**The task:** Below are the records; give again exactly the lines from the one containing "cover image of Of a Fire on the Moon" through the one containing "logo 4 reel kings novomatic hry automaty", leaving out pictures.
*** Opening of Exercise data ***
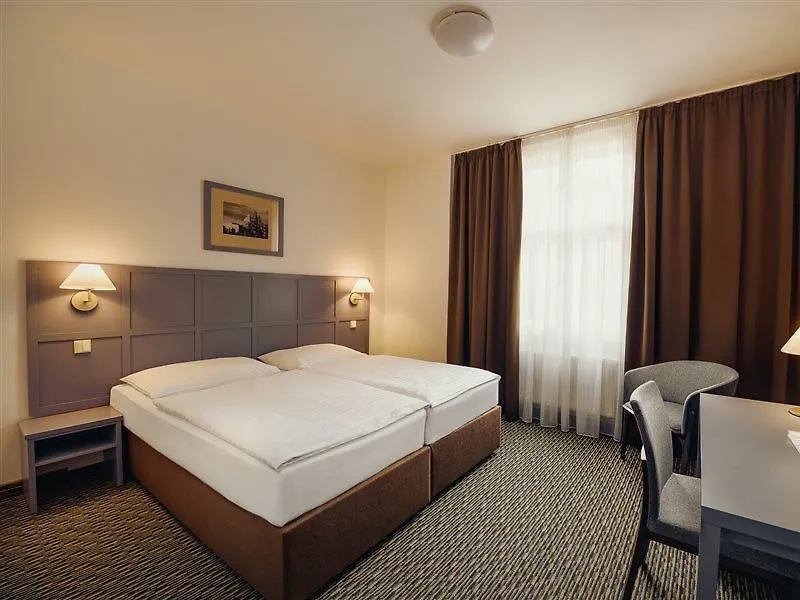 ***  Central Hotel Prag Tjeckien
*** Close of Exercise data ***
*** Opening of Exercise data ***
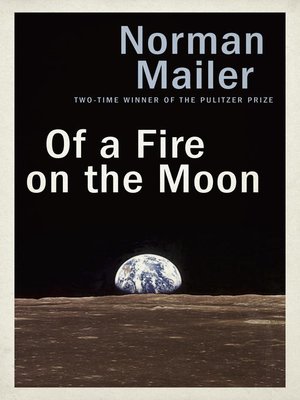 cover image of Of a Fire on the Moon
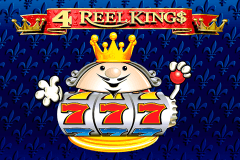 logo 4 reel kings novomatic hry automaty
*** Close of Exercise data ***
**Response below:**
 cover image of Of a Fire on the Moon
 logo 4 reel kings novomatic hry automaty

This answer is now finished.